If they have indeed been techint'd as a function of their own greed in whoring their military wares (and OUR technology) to whomever has the cash, good for the Hezbollahns in getting a little shavooz back.

In the end however; the real definition of infowar superiority (and this is it folks, like it or lump it) will be whether the Hezbollahns were able to maintain _their own opsec_ through secure comms.

Because sometimes the best way to gain insight into a threat command tree is to give them just enough entry to your comms pipe to 'get all excited' through increased traffic revealing sources and methods of their own.

You may think that these are punkass guerillas firing slaptogether MRLs out the back of pickup trucks 'when an Israeli happens by' but in truth, cellular warfare of this kind has a lot in common with some of the Air Land Battle 2K/Army 21 stuff we planned to do unto the Russians in Europe in terms of letting the threat interpenetrate a short ways thru our fronts (no shoulders) to establish 'undeniable contact' by which to slaughter them via preset ambush fires of force massed killsacs.
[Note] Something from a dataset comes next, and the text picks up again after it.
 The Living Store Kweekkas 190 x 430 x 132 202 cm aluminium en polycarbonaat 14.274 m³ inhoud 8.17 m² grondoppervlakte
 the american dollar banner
Such a remote fires/direct observation doctrine it is _very_ comms intensive when prosecuted against a mobile threat because you have to coordinate massively spatially displaced forces in movement and logistical support as well as combat evolutions while avoiding things like counterbattery efforts.

And that means talking to them, often.

If Israel failed to break into this network (until late in the war at least) directly, it was probably because they didn't generate enough operational ground momentum to gain a significant EOB sample of their own as they forced the threat to step up their response times (the faster you go, the less effective hand-carried messages and civil-networking comms becomes and the more you have to talk direct from hub nodes to keep the info pass fast enough to be timely).
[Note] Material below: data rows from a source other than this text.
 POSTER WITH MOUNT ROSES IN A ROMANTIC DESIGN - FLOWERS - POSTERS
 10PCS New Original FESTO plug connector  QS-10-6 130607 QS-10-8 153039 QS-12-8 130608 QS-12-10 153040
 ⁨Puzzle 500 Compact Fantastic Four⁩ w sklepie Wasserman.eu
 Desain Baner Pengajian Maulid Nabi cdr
Myself, I have nothing good to say about either party and only hope that we can back off spending TWO POINT FIVE BILLION DOLLARS A YEAR to own the leash by which we pretend to keep the Israeli's from finishing what they start.

Even as I realize that, in 1956, 67, 73 and 82; a draw was good enough. But we didn't completely humiliate the Arabs nor make them terrified of us coming back to finish their sorry asses as we should have.

Now, with wide spread high-tech in both irregular and main forces and 'nukes coming soon', failing to lose may not equate with winning. And when we finally realize that the last chance to defeat the threat absolutely has indeed come and gone, the Israelis will be left fighting delaying actions on several fronts (Egypt now wants nukes too) with an increasingly united Arab world which doesn't fear their own strategic forces because they know now to use front agencies whose own WMD can 'come from anywhere'.

And they sit on all that oil.

The moment this becomes real as more than a UN beggared advantage. The moment infowarfare dominance translates into Contempt Of Engagement mass casualties. Our 'special relationship' with this pissant city state will become a serious liability and it will be too late to cut and run without the Arabs automatically assuming that because we DIDN'T respond 'to defend poor Israel's honor', we no longer can.

And when they see THAT happening, they will next set their sights on us. Because that's what predators do.


Posted by: KPl. at September 22, 2006 08:41 AM

Anything that can be made, can be defeated. The bad guys have had the technology for a long time to defeat frequency hopping. Heck, the sincgars have been fielded for a long time. The Israelis greatest weapon, that prior to this conflict had always been primary, was violence of force and action. They, like US, now hold back. This PC way of doing the business of war, gets people killed, and fails in the completion of the mission. the Mission of the military, of any people, is to exert force in order to achieve the political goals. The Isreaelis failed here, and we should certainly take note of it.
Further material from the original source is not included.